Раздел: Социология журналистики

В настоящей статье авторы поставили перед собой задачу исследовать ряд вопросов, относящихся к понятию «медиатизированная травма», условиям ее возникновения и проявлениям. В научной литературе указывается на устойчивую связь медиапотребления потенциально травмирующего информационного контента о катастрофах, терактах, войнах и пр. с проявлением у людей тревожности, посттравматических симптомов и других негативных последствий. Развитие онлайн-платформ качественно изменило современное медиапотребление: аудитория получила неограниченный доступ к потенциально травмогенному контенту. Таким образом, изучение особенностей возникновения и бытования опосредованной травмы в условиях глубокой медиатизации представляется крайне важным. Авторы провели восемь экспертных интервью со специалиста- ми, работающими с психологическими травмами. По мнению психологов, по форме возникновения и последующего развития медиатизированная травма является вариантом «травмы свидетеля». Особенной силой воздействия на психику обладает визуальный контент. Психологическое травмирование аудитории во многом зависит от того, как авторы конструируют видеоряд, какие смыслы в него изначально заложены. Степень травматизации зависит от «психологического профиля» конкретного человека, его эмоциональной устойчивости и подготовленности. Проявления медиатизированной травмы характеризуются повышенным уровнем тревоги, бессонницей, эмоциональным возбуждением, потерей чувства защищенности и контроля над собственной жизнью.
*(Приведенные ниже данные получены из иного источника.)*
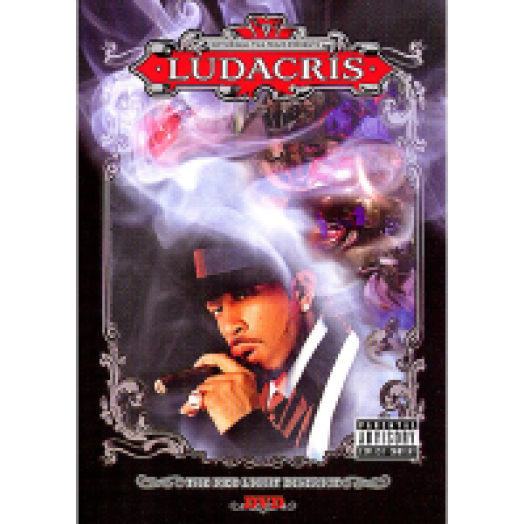 The Red Light District DVD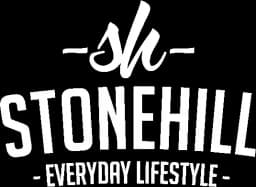 StoneHill - ādas aksesuāri logotips
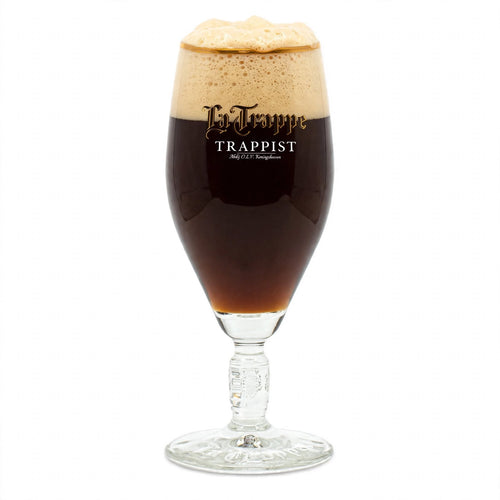 Origineel La Trappe voetglas 30cl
Ключевые слова: медиатизированная травма, психология травмы, медиа, журналистика, освещение трагедий
DOI: 10.55959/msu.vestnik.journ.6.2024.136157

Введение1

Современный этап развития общества характеризуется беспрецедентным уровнем медиатизации (Hjarvard, 2008; Hepp, Krotz, 2014): люди фактически формируют знание об окружающем мире не на основе собственного опыта, но на базе информации, получаемой в различной форме из разнообразных медиа – печатных, электронных, онлайновых. По сути дела, «проживание» жизни в медиа может рассматриваться как некий субститут бытия: опыт потребления и использования опосредованной, медийной информации становится первичным, в то время как опыт реальной жизни вполне может оказаться на втором месте (Couldry, Hepp, 2016).

Не погружаясь в обсуждение теоретических аспектов медиатизации, важно отметить следующее: за последнее десятилетие установилось окончательное доминирование социальных сетей/платформ как места получения информации, общения, развлечения2.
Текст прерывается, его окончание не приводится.